Le 3 février dernier le parlement Européen adoptait un texte à l’attention du Conseil recommandant une série de mesure pour la lutte contre la pédocriminalité et la pédopornographie sur internet.
Il n’y est nulle part question de filtrage du réseau, ce qui est particulièrement rassurant vue le climat qui règne dans plusieurs démocraties comme en Australie, où le filtrage touche désormais les sites pornographiques gays, les jeux vidéos violents, des sites en faveur de l’euthanasie et bien d’autres choses encore.
Nous vous proposons un extrait des textes adoptés le 3 février 2009.

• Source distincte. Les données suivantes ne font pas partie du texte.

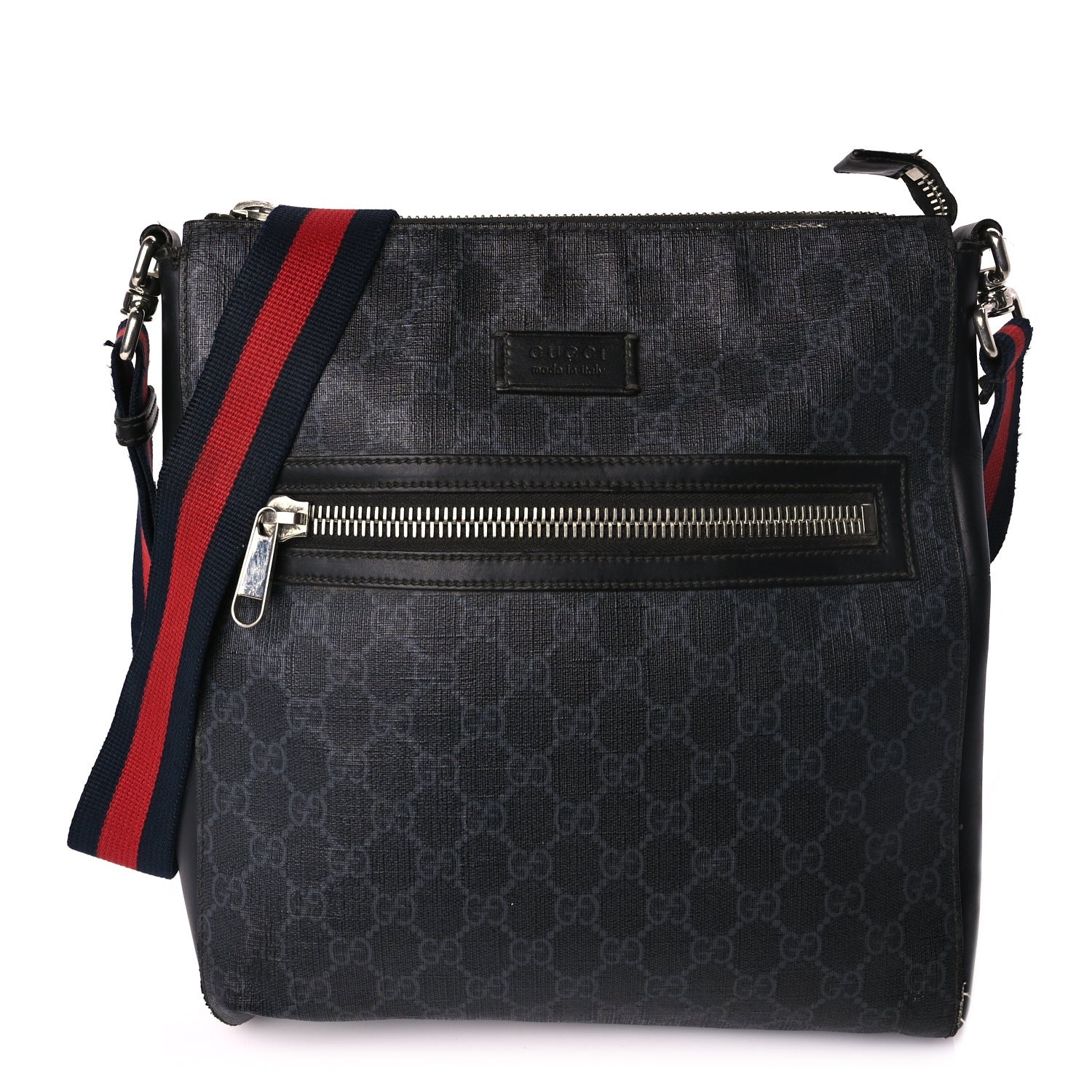 Gucci GG Supreme Monogram Appia Calfskin Web Flat Messenger Bag Black Grey 1 of 9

Considérant que les enfants utilisent de plus en plus les nouvelles technologies et considérant qu’une partie de plus en plus importante de la vie sociale des enfants et des jeunes se passe en ligne, avec l’utilisation d’instruments de communication et de technologies avancées en constante évolution; considérant qu’en conséquence, l’Internet est de plus en plus utilisé par les délinquants sexuels avérés et potentiels pour préparer l’abus sexuel d’enfants, en particulier en recourant à la sollicitation à des fins sexuelles ( »grooming ») et à la pédopornographie;
[Le parlement Européen] adresse au Conseil les recommandations suivantes :
- criminalisation des fournisseurs de forums de discussions pédophiles ou de forums pédophiles sur Internet;
- mesures visant à garantir que les États membres, dans le cadre d’une stratégie globale en matière de coopération diplomatique, administrative, juridique et policière internationale, agissent de façon appropriée en vue du retrait à la source de tout document illégal lié à l’exploitation des enfants, conférant ainsi aux victimes une protection maximale, et travaillent de concert avec les fournisseurs d’accès à Internet pour désactiver les sites web qui commettent régulièrement, ou font état de la possibilité de commettre, des infractions établies conformément à la décision-cadre;
- soutien aux actions de la Commission visant à évaluer, conjointement avec les principaux émetteurs de cartes de crédit, la possibilité technique de fermer ou de bloquer de toute autre manière le système de paiement en ligne des sites internet impliqués dans la vente de matériel pédopornographique sur Internet; encouragement d’autres acteurs du monde économique, par exemple les banques, les bureaux de change, les fournisseurs d’accès à Internet et les moteurs de recherche, à participer activement aux activités de lutte contre la pédopornographie et contre toute autre forme d’exploitation sexuelle des enfants à des fins commerciales;
- incitation des États membres à fournir aux parents des programmes faciles à gérer qui leur permettent de bloquer l’accès des enfants aux sites internet pornographiques;
Vous aurez bien sûr noté qu’il n’est à aucun moment question de censurer les sites pédophiles (ou autres) avec un filtre, tel que le propose l’article 4 de la Loppsi…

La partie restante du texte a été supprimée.